How Creamy is your Sparkling Wine

Quite the opposite to the zesty and zingy style will be the ‘creamy’ description for sparkling wines, the more relaxing glass of bubbly, the take your time over to enjoy example which does call of the winemaker that little bit more effort and patience to achieve…

Sparkling wines are ever so expressive in aromas and flavours, you can list countless descriptives to include those taking you back to childhood memories so when opening a bottle of fizz and serving it will delight your senses.
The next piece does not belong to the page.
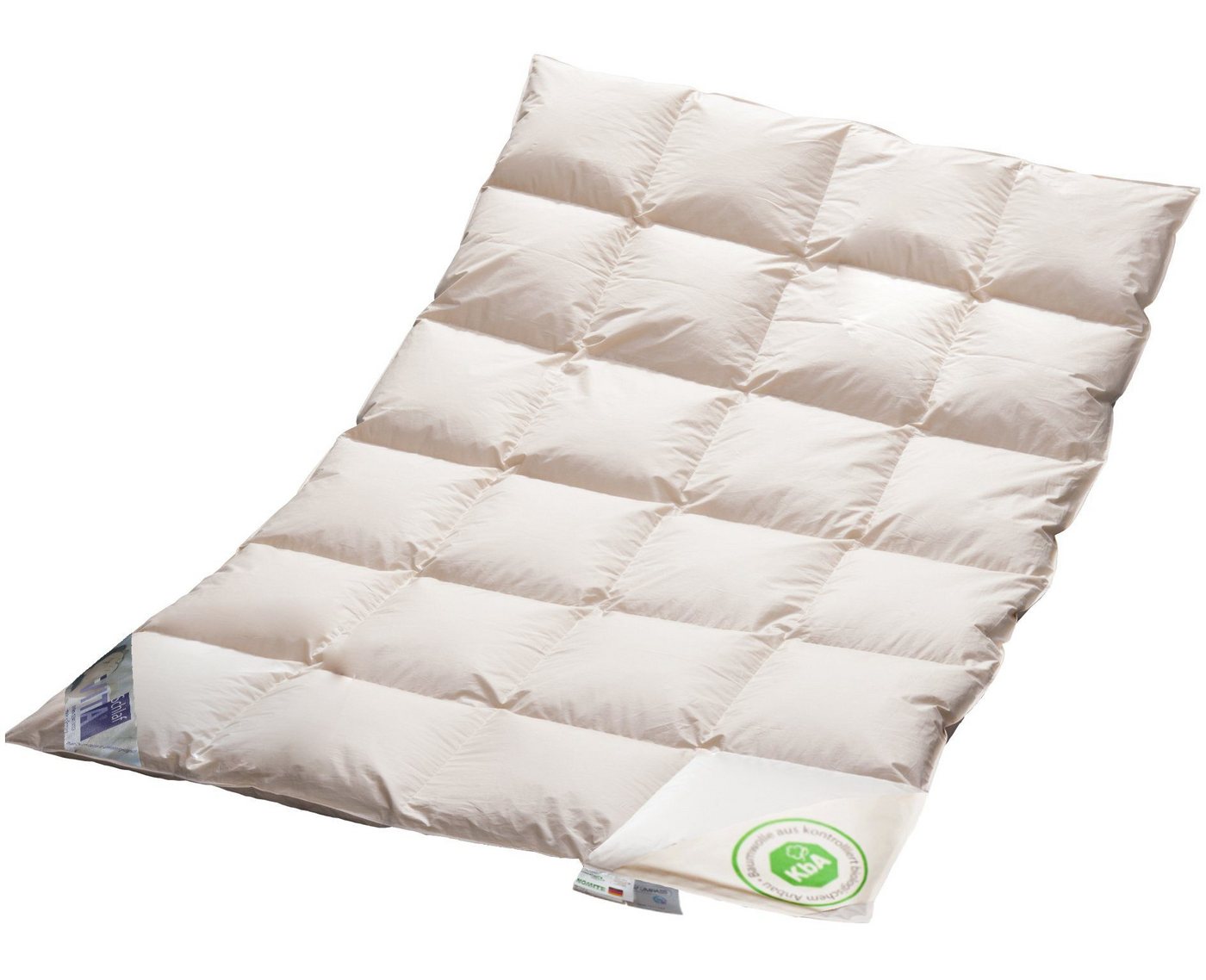 Vitaschlaf Daunenbettdecke Vitaschlaf® BIO-LUXE-KBA Bettdecken für Sommer Winter Ganzjahresdecke, Füllung: 100% Daunen, alle Wärmestufen, Bezug: 100% BIO-BAUMWOLLE, Bettdecke 135x200 cm, 155x220 cm und weitere Größen, Made in Germany von Vitaschlaf
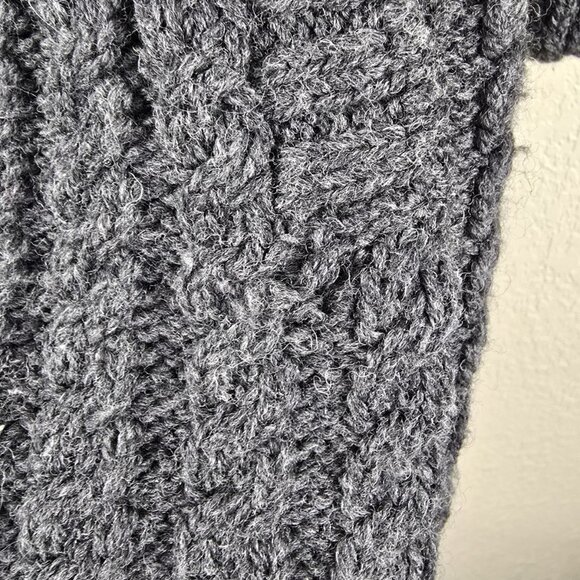 Aran Crafts Ireland 100% Merino Wool Hooded Long Cardigan Sweater XS Gray Cable - Picture 4 of 8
Sometimes they are instantly communicating their character, other times it’s all about allowing the wine to breathe in order to impress you.

As a fan of sparkling wines globally, I am always excited that little bit more by a traditional method sparkling wine of age as I know it is likely to express more complex aromas and flavours with longer lees contact achieving the likes of toasty, brioche, butter croissant, walnut, yellow stone fruits, honey and also creamy.

Why do some Sparkling Wines smell or taste creamy?

Known to be the richer in style sparkling wines, the usual way this character is achieved is by ageing the wine (traditional method) to include in the bottle via contact with dead yeast as well as the use of oak barrels to influence the wine and provide contact with oxygen.

Old Champagne bottles

Many Traditional Sparkling Wine bottles are left for many years on the lees.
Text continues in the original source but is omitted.